Records from a dataset:

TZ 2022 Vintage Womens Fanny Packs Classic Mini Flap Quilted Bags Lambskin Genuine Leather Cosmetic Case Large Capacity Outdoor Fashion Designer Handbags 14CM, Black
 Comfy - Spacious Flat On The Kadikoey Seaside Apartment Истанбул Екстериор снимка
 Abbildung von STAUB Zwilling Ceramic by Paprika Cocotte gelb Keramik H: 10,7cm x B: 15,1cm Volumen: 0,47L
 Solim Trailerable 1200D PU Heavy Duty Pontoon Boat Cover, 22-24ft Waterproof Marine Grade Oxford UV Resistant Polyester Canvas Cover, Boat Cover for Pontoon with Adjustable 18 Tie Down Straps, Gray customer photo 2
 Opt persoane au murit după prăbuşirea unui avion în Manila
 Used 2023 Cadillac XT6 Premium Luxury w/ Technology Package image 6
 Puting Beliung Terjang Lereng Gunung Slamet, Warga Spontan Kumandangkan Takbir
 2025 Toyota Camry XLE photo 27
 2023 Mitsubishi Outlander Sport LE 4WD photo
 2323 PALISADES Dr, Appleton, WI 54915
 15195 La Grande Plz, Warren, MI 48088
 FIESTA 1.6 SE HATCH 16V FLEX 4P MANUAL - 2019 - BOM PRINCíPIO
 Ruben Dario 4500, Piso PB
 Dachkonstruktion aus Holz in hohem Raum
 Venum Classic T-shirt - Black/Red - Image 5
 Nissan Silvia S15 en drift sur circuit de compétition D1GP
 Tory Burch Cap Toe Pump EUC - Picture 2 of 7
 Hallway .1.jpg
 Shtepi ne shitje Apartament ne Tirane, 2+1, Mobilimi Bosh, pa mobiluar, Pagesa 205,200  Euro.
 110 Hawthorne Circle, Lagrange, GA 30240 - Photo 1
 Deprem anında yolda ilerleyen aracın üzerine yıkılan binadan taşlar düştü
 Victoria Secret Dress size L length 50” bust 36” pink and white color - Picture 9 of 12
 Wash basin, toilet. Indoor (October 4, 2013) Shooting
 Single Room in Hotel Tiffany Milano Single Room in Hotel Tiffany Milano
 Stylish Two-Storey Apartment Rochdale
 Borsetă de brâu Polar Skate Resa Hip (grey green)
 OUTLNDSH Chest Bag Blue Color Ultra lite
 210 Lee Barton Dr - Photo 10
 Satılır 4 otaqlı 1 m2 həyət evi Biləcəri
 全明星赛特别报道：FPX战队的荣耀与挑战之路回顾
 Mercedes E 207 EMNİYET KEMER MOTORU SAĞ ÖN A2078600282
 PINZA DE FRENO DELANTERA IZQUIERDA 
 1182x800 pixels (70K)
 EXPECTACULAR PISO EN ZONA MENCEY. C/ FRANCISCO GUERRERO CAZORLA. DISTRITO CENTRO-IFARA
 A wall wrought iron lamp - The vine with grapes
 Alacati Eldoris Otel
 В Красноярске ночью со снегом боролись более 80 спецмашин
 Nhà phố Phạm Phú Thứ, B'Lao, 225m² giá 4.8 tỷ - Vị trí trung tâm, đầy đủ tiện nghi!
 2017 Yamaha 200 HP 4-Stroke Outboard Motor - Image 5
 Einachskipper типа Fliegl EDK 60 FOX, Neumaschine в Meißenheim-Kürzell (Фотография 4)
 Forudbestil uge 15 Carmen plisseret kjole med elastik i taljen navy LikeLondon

» TASK GOAL
Repeat the entries above exactly, from the first line through the line containing "Venum Classic T-shirt - Black/Red - Image 5".

» REPLY TO THE TASK
TZ 2022 Vintage Womens Fanny Packs Classic Mini Flap Quilted Bags Lambskin Genuine Leather Cosmetic Case Large Capacity Outdoor Fashion Designer Handbags 14CM, Black
 Comfy - Spacious Flat On The Kadikoey Seaside Apartment Истанбул Екстериор снимка
 Abbildung von STAUB Zwilling Ceramic by Paprika Cocotte gelb Keramik H: 10,7cm x B: 15,1cm Volumen: 0,47L
 Solim Trailerable 1200D PU Heavy Duty Pontoon Boat Cover, 22-24ft Waterproof Marine Grade Oxford UV Resistant Polyester Canvas Cover, Boat Cover for Pontoon with Adjustable 18 Tie Down Straps, Gray customer photo 2
 Opt persoane au murit după prăbuşirea unui avion în Manila
 Used 2023 Cadillac XT6 Premium Luxury w/ Technology Package image 6
 Puting Beliung Terjang Lereng Gunung Slamet, Warga Spontan Kumandangkan Takbir
 2025 Toyota Camry XLE photo 27
 2023 Mitsubishi Outlander Sport LE 4WD photo
 2323 PALISADES Dr, Appleton, WI 54915
 15195 La Grande Plz, Warren, MI 48088
 FIESTA 1.6 SE HATCH 16V FLEX 4P MANUAL - 2019 - BOM PRINCíPIO
 Ruben Dario 4500, Piso PB
 Dachkonstruktion aus Holz in hohem Raum
 Venum Classic T-shirt - Black/Red - Image 5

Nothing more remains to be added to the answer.